En la Plaza Independencia, un adolescente, Matías, estaba hundido en el banco de cemento como si formara parte de él. La pantalla del celular iluminaba su cara con un brillo que contrastaba con la sombra de los árboles. Hacía rato que no recibía mensajes y jugaba con el brillo como para mantener los dedos ocupados. Su hermano mayor, Nicolás, se había ido a Chile hacía dos años, prometiendo volver, pero sólo enviaba mensaje de voz esporádicos que sonaban alegres y levemente ajenos por el acento de su voz que se iba mimetizando de a poco con el chileno.
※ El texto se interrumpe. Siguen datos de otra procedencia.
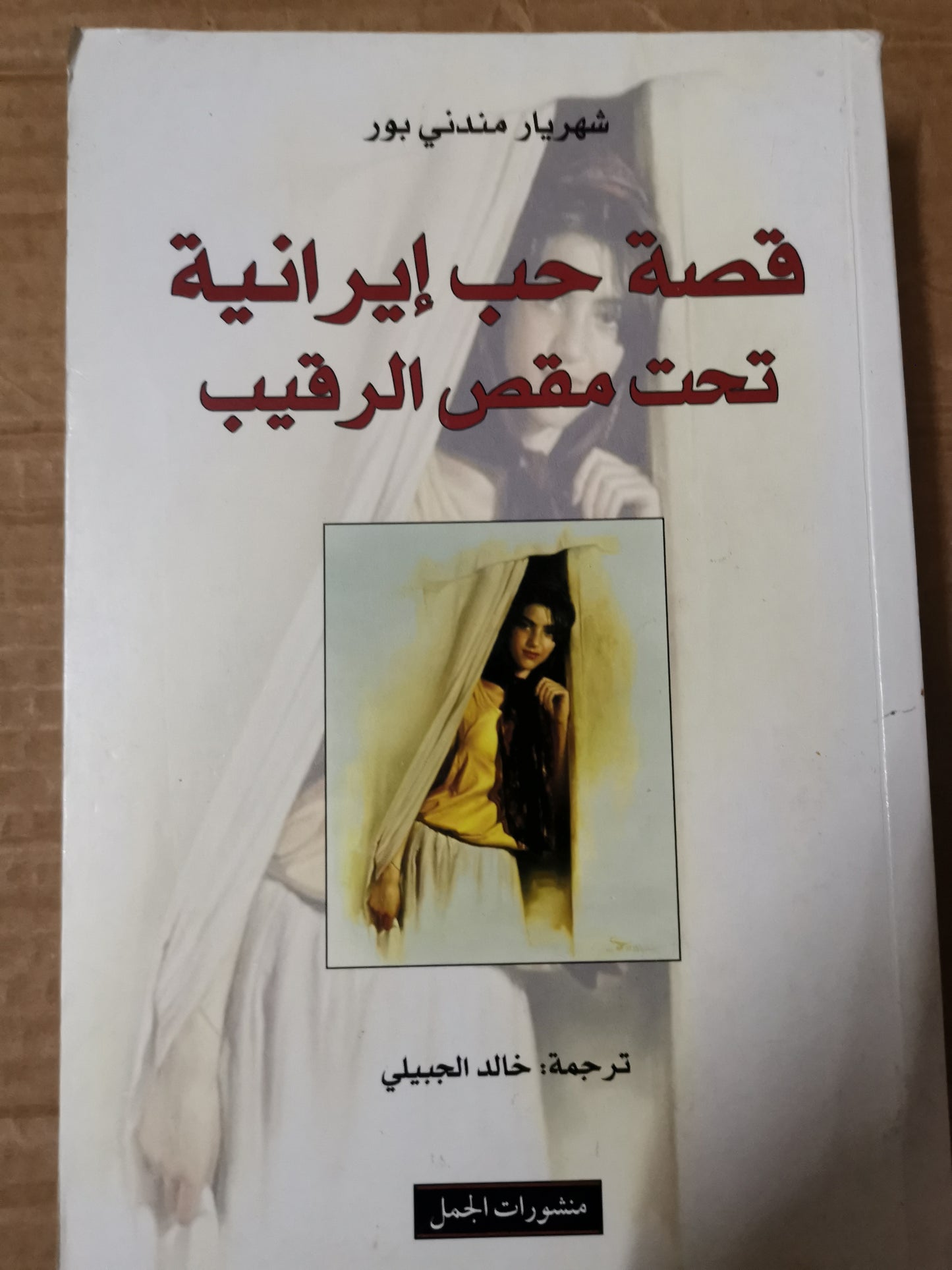 قصة حب إيرانية-شهريار مندني بور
La casa se le había vuelto demasiado grande, demasiado quieta cuando, Olga, su madre salía a trabajar. Observó a un grupo de chicos patinando cerca de la fuente, pero no se levantó, el calor era insoportable. El cielo empezaba a dorarse detrás de los edificios y algo en su pecho se tensó con discreción. Apenas movió los labios, dejando escapar un murmullo inaudible: “Ojalá alguien me entienda.”
El sol comenzaba a declinar su presencia, cuando los cuatro, sin saberlo, empezaron a converger hacia el mismo borde de la plaza. Jessica que había bajado del colectivo cruzó por calle Rivadavia, rodeando un puesto de diarios que estaba cerrado. Oscar dobló desde Colón con su bolsa de plástico aferrada al costado. Sandra salió del hospital y caminó despacio por avenida España con Tiziano dormido en sus brazos, siguiendo la línea de los plátanos que daban sombra intermitente. Matías, cansado de esperar un mensaje que no llegaba, se puso de pie con cierto desgano y caminó hacia la esquina más cercana, junto a las baldosas húmedas de la fuente principal.
Allí, en una vereda donde nadie se conocía, los cuatro se cruzaron sin mirarse demasiado, apenas compartiendo el mismo aire que comenzaba a tornarse tibio, que arrastraba olor a tierra regada y restos de smog. Jessica ajustó la correa de su mochila, Oscar cambió la bolsa de mano, Sandra resguardó el cuerpo dormido de Tiziano contra su pecho y Matías guardó el celular en el bolsillo trasero del jean.
Ninguno habló. Ni siquiera se detuvieron. Pero en el instante sutil en que sus pasos coincidieron sobre las baldosas claras, algo los envolvió como una corriente muda, una verdad compartida que no necesitaba palabras. Y sin saber por qué, o quizá sabiéndolo demasiado, el mismo pensamiento se encendió en la profundidad de cada uno:
“Todos estamos rotos.”
No hubo pausa dramática ni miradas reveladoras. Sólo el murmullo de la ciudad, el cielo ardiendo en tonos rosados, y cuatro vidas distintas que, por un segundo, respiraron la misma herida.